The shortlist was drawn up by MPs - frankly it doesn't say much for the grasp of Labour history of the PLP, which appears to be superficial and romantic to say the least. They've come up with Clem Attlee, Nye Bevan, Keir Hardie and Barbara Castle.
I would grudgingly accept Attlee, though he was about the 6th or 7th most talented person in his own Cabinet, and stayed on far too long after defeat in 1951 in a sour attempt to block Morrison as his successor.
Bevan's creation of the NHS ought to be cancelled out by his subsequent record of nutty leftist sectarianism which helped keep us out of power for most of the '50s and was so extreme he was temporarily kicked out of the PLP. I am frankly shocked that Ed Balls is speaking in his favour at the Guardian's debate at conference.
Castle was never more than a middle-ranking figure in the Wilson governments, and to my mind memorable for her slavish support for Wilson himself (not a recommendation) and completely inept handling of the unions over "In Place of Strife".

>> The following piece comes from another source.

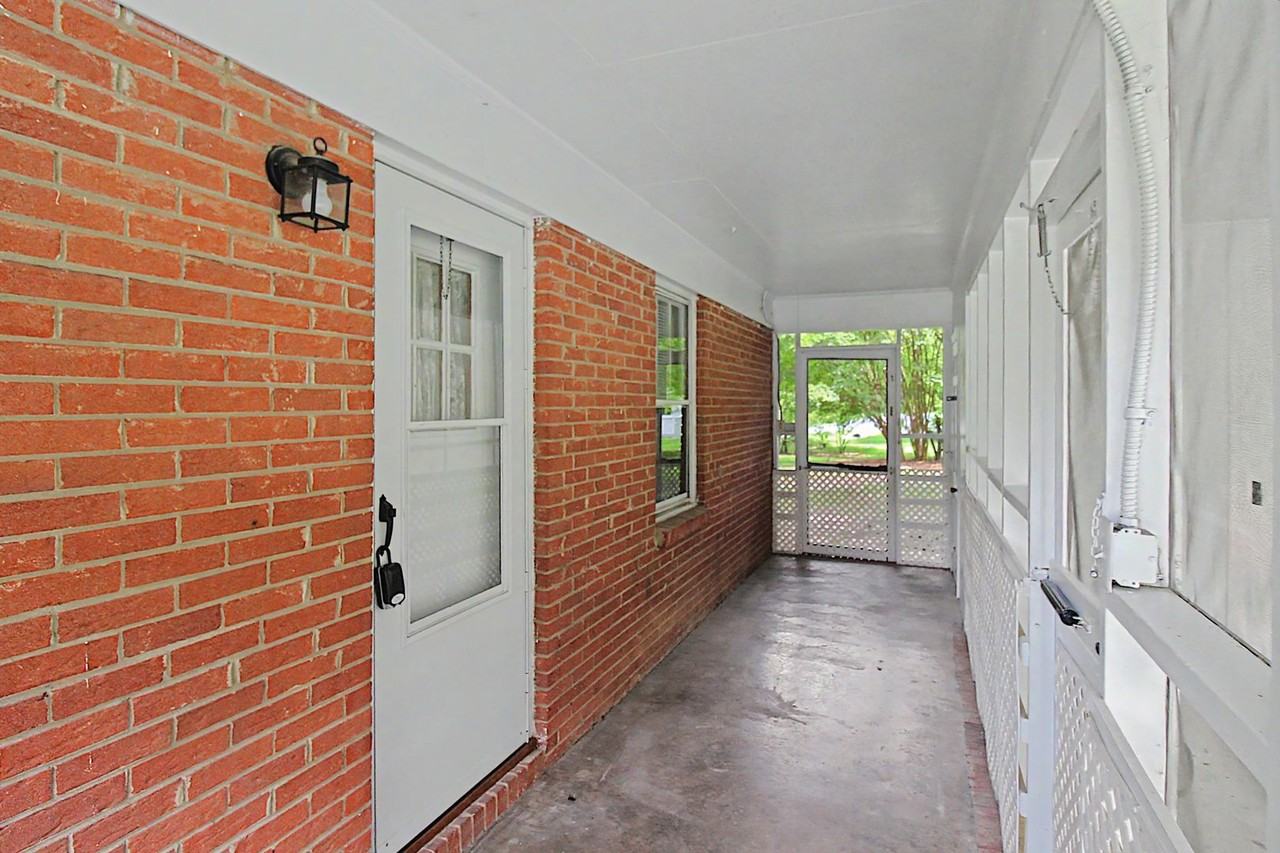 1920 John Moore Rd - Photo 4 of 22
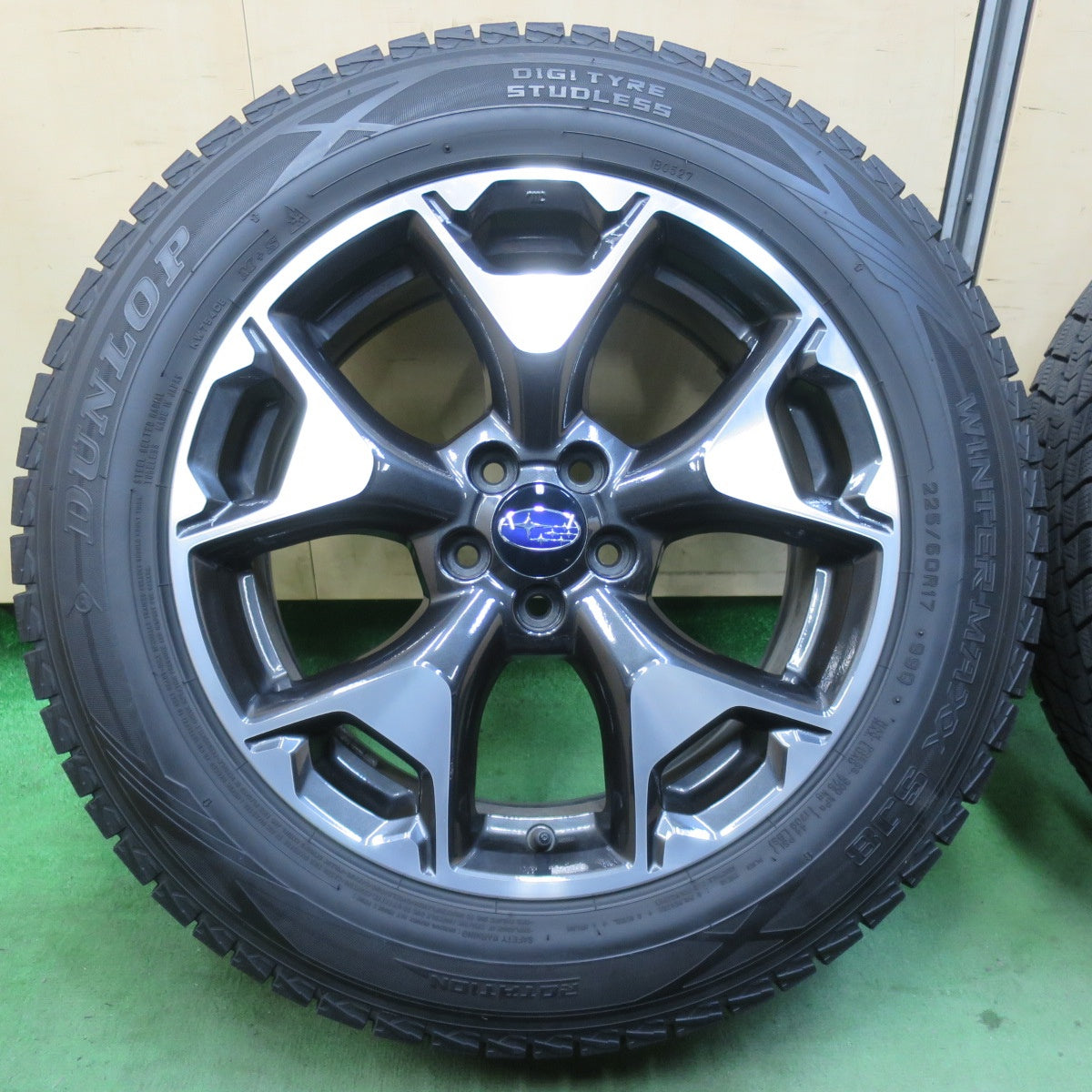 バリ溝！キレイ！9分★スバル XV フォレスター 等 純正 225/60R17 スタッドレス ダンロップ ウインターマックス SJ8 17インチ PCD100/5H★5122601イス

Hardie's inclusion I think is just people coming up with a name from so far back in the mists of time that it's a cop-out option.
My shortlist would have been:
Herbert Morrison - built the organisation and ran the campaign that won us the 1945 landslide, and built much of London's social housing when he ran County Hall.
Ernest Bevin - founder of the TGWU and NATO.
Hugh Gaitskell - saw off Bevan's loopy followers to save Labour in the '50s.
Neil Kinnock - saw off Benn and Militant to save Labour in the '80s.
Tony Blair - won three general elections.